A pesquisa desenvolvida no Nepam demonstrou que a atenção dada à temática ambiental por universidades e centros de pesquisa latino-americanos contradiz estereótipos e, nesse contexto, gerou resultados recebidos com surpresa por pesquisadores estrangeiros, quando apresentados em eventos internacionais. “Quando você demonstra que mesmo nos países periféricos, apesar das condições adversas de verba e etc., se faz uma ciência ou uma produção teórica refinada, as pessoas se surpreendem. Ainda mais em se tratando de um tema super inovador, que é a questão ambiental, e a partir de uma reflexão muito nova, que é a discussão da interdisciplinaridade e da teoria social. Isso é novo em várias partes do mundo”, argumenta Ferreira.
Para a pesquisadora, diversos fatores contribuíram para o desenvolvimento da América Latina na área. Entre eles, no caso brasileiro, a geração de pesquisadores que completou sua formação acadêmica no exterior e trouxe a busca pelo novo e pelo debate internacional na construção de uma nova área no país. Outro fator estaria na força da política entre os latino-americanos, ao mesmo tempo ligados na questão ambiental e, por exemplo, com históricos de ditaduras militares. “Essa coisa da política, do verde, da esquerda, tudo se misturava para nossa geração. Eu acho que isso também se refletia na produção intelectual”, analisa Ferreira. “Isso tudo tem a ver com essa especificidade na nossa produção intelectual. Uma produção, para o bem ou para o mal, muito politizada”, completa.
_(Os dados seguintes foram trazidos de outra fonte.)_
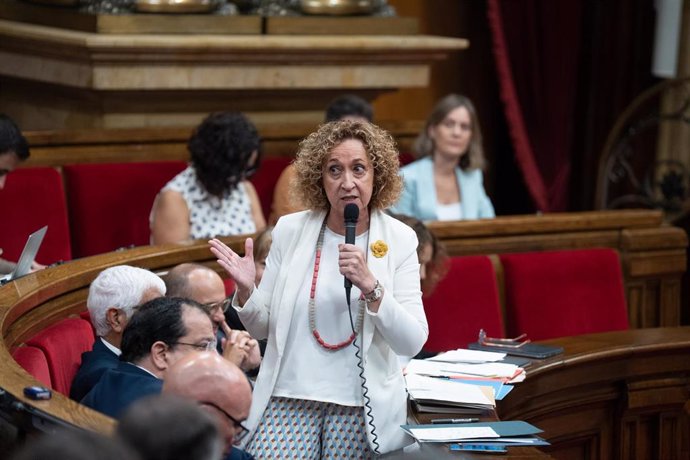 La consellera de Territorio de la Generalitat, Ester Capella, en sesión de control en el pleno del Parlament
Além de disponibilizar a base de dados construída a partir dos quatro anos de estudo, a equipe do projeto temático vai publicar, em livro, a síntese e uma análise dos resultados da pesquisa. Os capítulos contemplam não só as discussões mais gerais, mas também temas que acabaram recortados ao longo do desenvolvimento do projeto, como a visão internacional da produção intelectual latino-americana, a questão política, a posição do Brasil na agenda internacional de meio ambiente e a interdisciplinaridade, além de alguns dos principais temas da produção científica latino-americana em ambiente e sociedade encontrados durante pesquisa. A questão ambiental na América Latina – teoria social e interdisciplinaridade, co-edição entre a Unicamp e a Fapesp, tem previsão de lançamento para outubro de 2010.